I won’t try to quantify this, but I will share that anecdotally I looked at a lot of the outputs and whenever I saw a low number for one result, I typically saw a quite high result for another number. For example, I ran across a submission that had a sensitivity of 70% but a specificity of 98%. Such products might be useful in identifying people negative to the disease or condition at issue, even though the performance is not very good at identifying reliably those who are positive.

There is also, as the methodology above explains, a certain level of noise that I simply couldn’t remove but which should be largely ignored.

I think the hump around 70% might also be meaningful. It seems like when FDA looks at sensitivity and specificity, you rarely see numbers below 70%. 70% seems to be a sort of floor to what FDA will consider.

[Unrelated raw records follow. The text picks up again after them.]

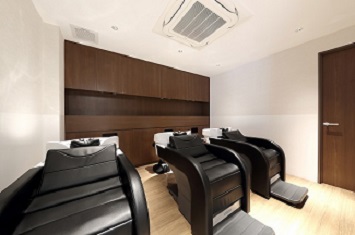 CLiC 武蔵小杉店・1 ②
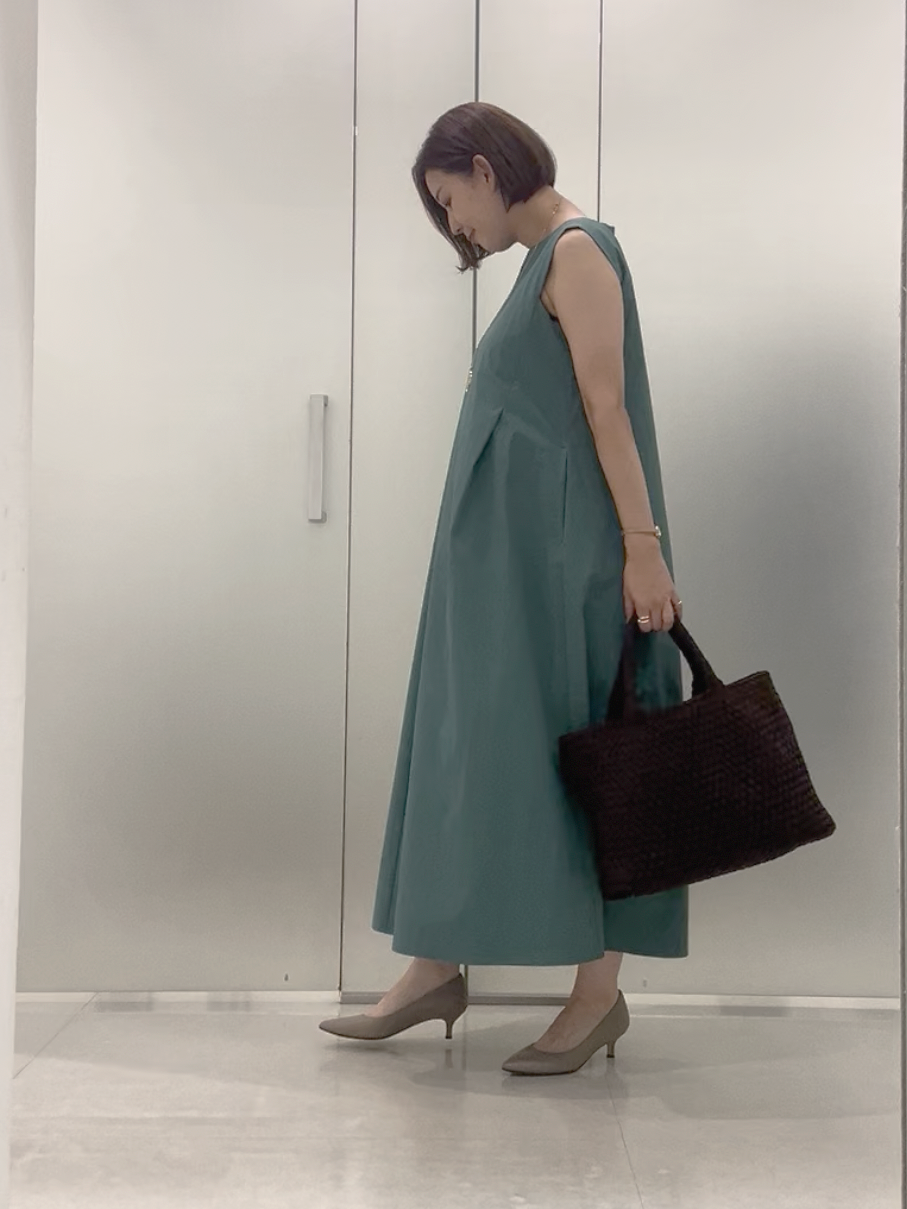 まどかさんの「UNTITLED｜【残暑も快適/接触冷感/UVカット/吸水速乾】Aラインロングワンピース」を使ったコーディネート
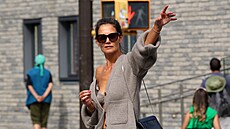 Katie Holmesová a její slavná �ka�mírová podprsenka�.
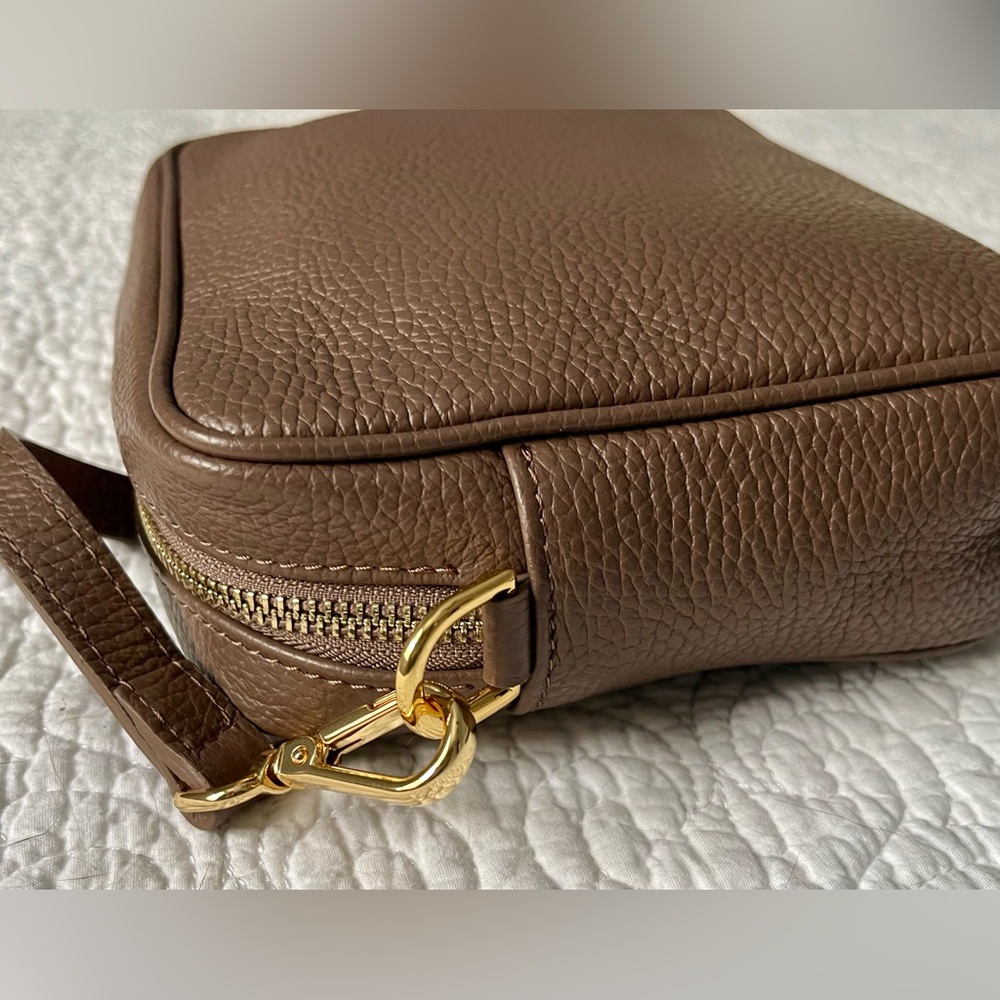 Quince Brown Pebbled Leather Crossbody Bag - Picture 15 of 16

The proportions of the types of devices by clinical context seems relatively stable in each of the different columns. It’s not obvious to me that any particular therapeutic area is laxer than others, for example.

Conclusions

I’m leery of offering any particular conclusions because, as I said at the beginning of this post, these results need to be taken with a huge grain of salt. There’s a lot of error that I simply couldn’t get rid of, and there’s built-in bias in the way the data are collected and analyzed. The vast majority of 510(k) summaries do not include performance data, and so in a very real sense the data in the summaries are provided voluntarily by those manufacturers that are pleased with their performance.

However, with those caveats, it does seem as though 95% is the rule of thumb that FDA uses in these accuracy metrics. Having said that, there are plenty of instances where devices are cleared without 95% in at least some accuracy related measure. Often, as I said, it’s a matter of a test doing well in one category and then not so well in another, so such tests have a particular clinical function that is not to be confused with ground truth.

As I manually reviewed many of the summaries, I saw products with significant differences, for example, between sensitivity and specificity. To get FDA clearance, the test must do well at something, and at least decently in another category to potentially be considered substantially equivalent to devices already in the market. But in those cases, the labeling needs to be clear about the value of the product and where it comes up short.